Decir Navidad
¿Cómo no creer que en diez años habrán conseguido borrar la Navidad con el argumento de no molestar? Es la cuadratura del círculo: gritan libertad mientras nos roban hasta las palabras
Quizá nada defina mejor a nuestra sociedad como la negación permanente de lo que es. Hay una creciente desafección hacia lo real, a lo que oponemos, según el caso, idealismo, emotivismo o ideología. Algo así está pasando con la Navidad. La semana pasada, la Comisión Europea tuvo que retirar una guía interna en la que recomendaba a sus trabajadores felicitar las fiestas en vez de la Navidad. La cosa tiene su importancia, ya que describe el lugar al que llegaremos. Mucho me temo que en un par de lustros no habrá tanta polémica. La sociedad ya camina en esa dirección de deconstrucción de los cimientos sobre los que se fraguó Occidente, al ritmo que marcan las ideologías del clima, el género y el ateísmo cultural. Hace un par de décadas a nadie se le ocurría discutir el hecho biológico. Sin embargo, los pocos que se atrevían a tanto son los muchos que marcan hoy los compases de lo políticamente aceptable. ¿Cómo no creer que en diez años habrán conseguido borrar la Navidad con el argumento de no molestar? Es la cuadratura del círculo: gritan libertad mientras nos roban hasta las palabras. Y, como ocurre con las realidades biológicas como el sexo, se empieza cambiando la palabra para acabar modificando la realidad que nombraba. Si nuestro mundo ya ha aceptado con naturalidad que decir hombre o mujer no significa lo que realmente designa la palabra, ¿cómo no va a tragar con lo de la Navidad, igualándola a cualquier fiesta? Aquí el pronombre marca la diferencia, porque la Navidad no es una fiesta, sino la fiesta, la única en realidad: la que nos protege de la muerte.

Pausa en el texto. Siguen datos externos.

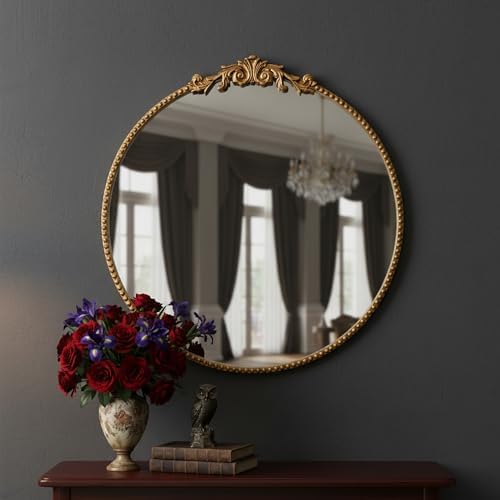 ZIYOO Vintage Baroque Round Wall Mirror 24"x24" - Image 3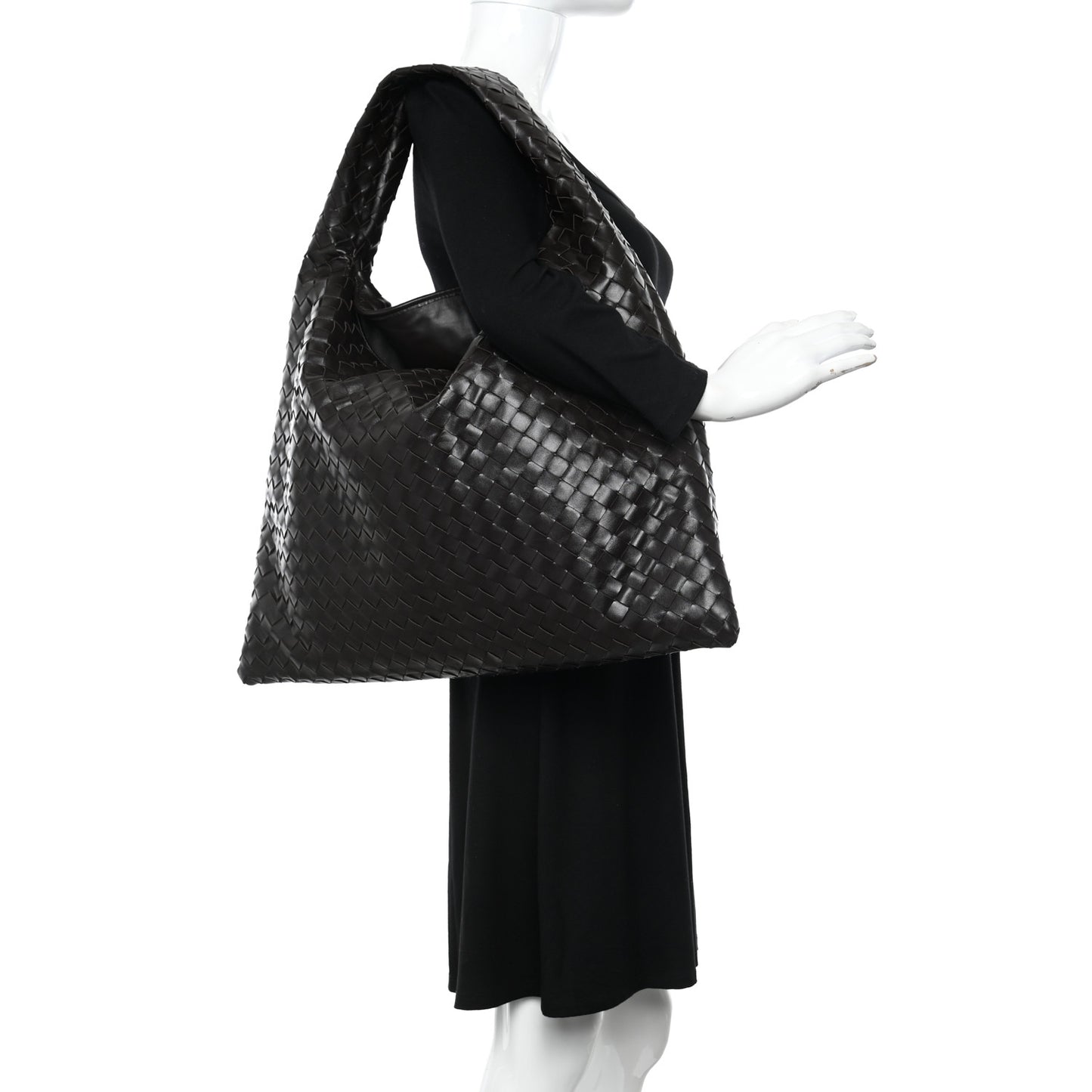 Calfskin Intrecciato Large Hop Ebano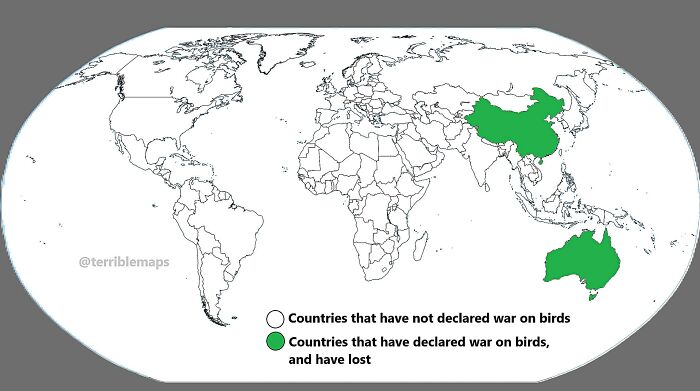Mapa sveta: Krajiny, ktoré vyhlásili vojnu vtákom, a prehrali, zvýraznené zelenou farbou.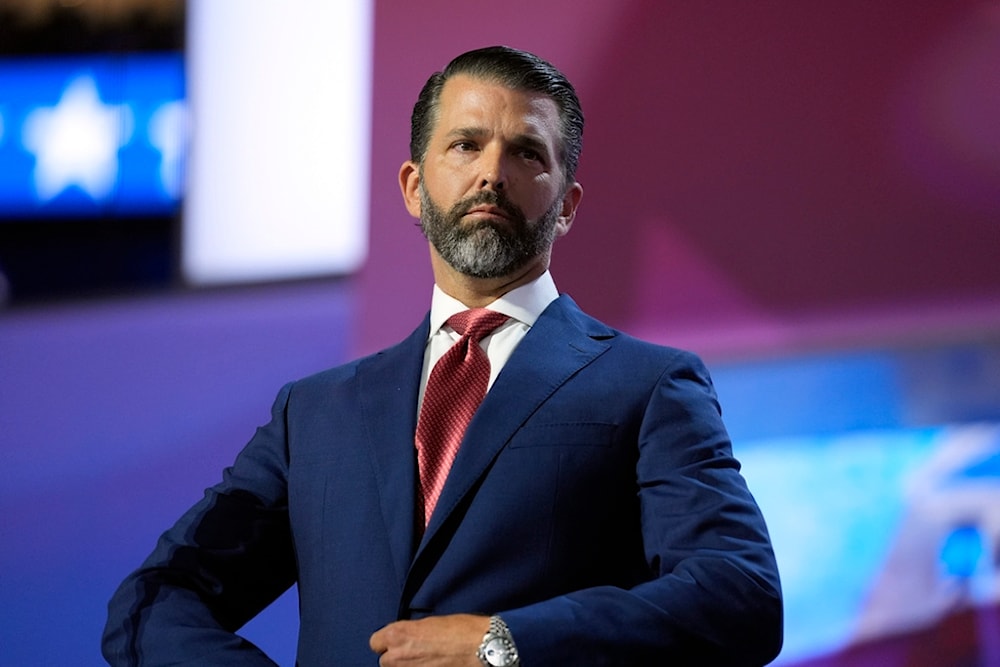 Donald Trump Jr., prepares to speak on third day of the Republican National Convention at the Fiserv Forum, Wednesday, July 17, 2024, in Milwaukee. (AP Photo/Evan Vucci)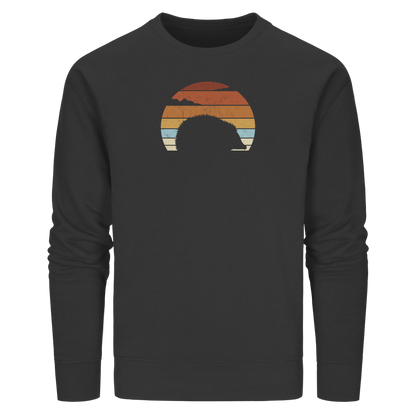 Retro Igel Silhouette im Sonnenuntergang - Organic Basic Unisex Sweatshirt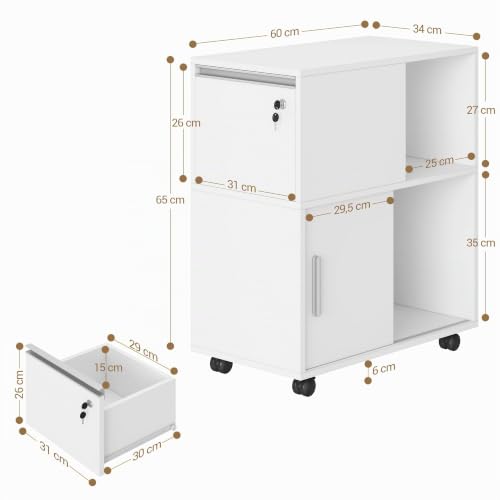 Hzuaneri Rollcontainer 34 x 60 x 70 cm Schubladen Türen weiß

La Navidad es el tiempo en el que celebramos el nacimiento del Niño Jesús, pero no como un recordatorio, sino como experiencia viva. El Niño nos nace a cada uno, en un parto de luz y verdad, un grito de conversión que acogemos con la certeza de la fe. Es el hecho religioso el que ha marcado el calendario de Occidente desde su fundación, es el paradigma cristiano el punto de inflexión que nos separó de la barbarie.

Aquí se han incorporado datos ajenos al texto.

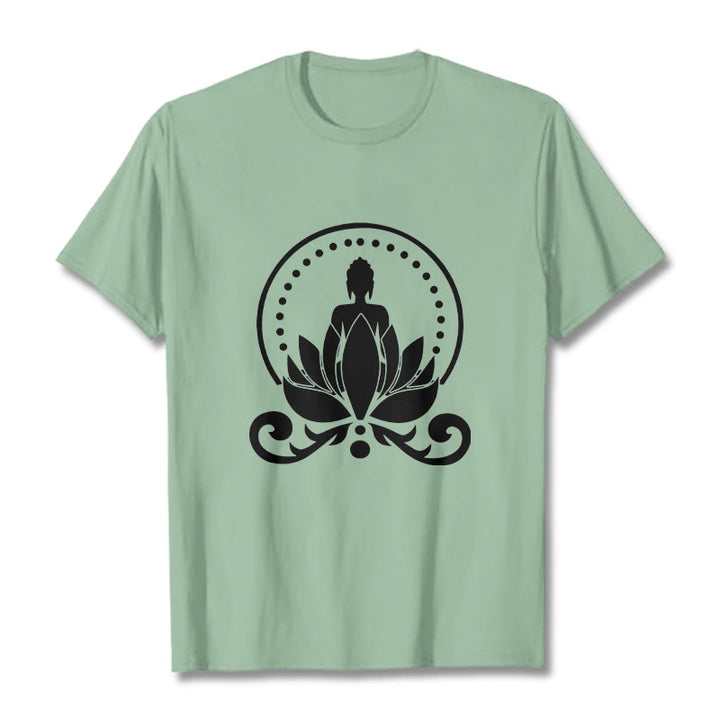 T-shirt Bouddha assis sur une fleur de lotus Buddha Stones en méditation - Vert pâle - 2XL - image 14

El cristianismo es, en este sentido, la gran frontera que separa el viejo mundo de verdades inmutables frente a la utopía posmoderna. Las luces de nuestras calles –como estas de la calle Larios de Málaga– los árboles y, sobre todo, los belenes de nuestros hogares son símbolos de lo que fuimos y de lo que aspiramos a ser. Nos introducen en la biografía generacional de los que nos precedieron en este peregrinar de esperanzas compartidas. Nos recuerdan que podemos volver a nacer, que hay un Niño esperando al otro lado de nuestra herida infinita.
Las cosas que no se dicen es como si no existieran. Decir la vida es, en cierto modo, reconocer su existencia. «En el umbral de la nada, ni nombre, ni yo», escribe Esquirol. Pero, lejos de entrar en guerras culturales absurdas –asumir los términos del combate es ya perderlo–, en dialécticas ajenas, quizá la mejor defensa sea llamar a la Navidad por su nombre. Y vivirla en toda su profundidad, con su rastro de luz y su móvil apagado, su abrazo fraterno y su teología arrodillada.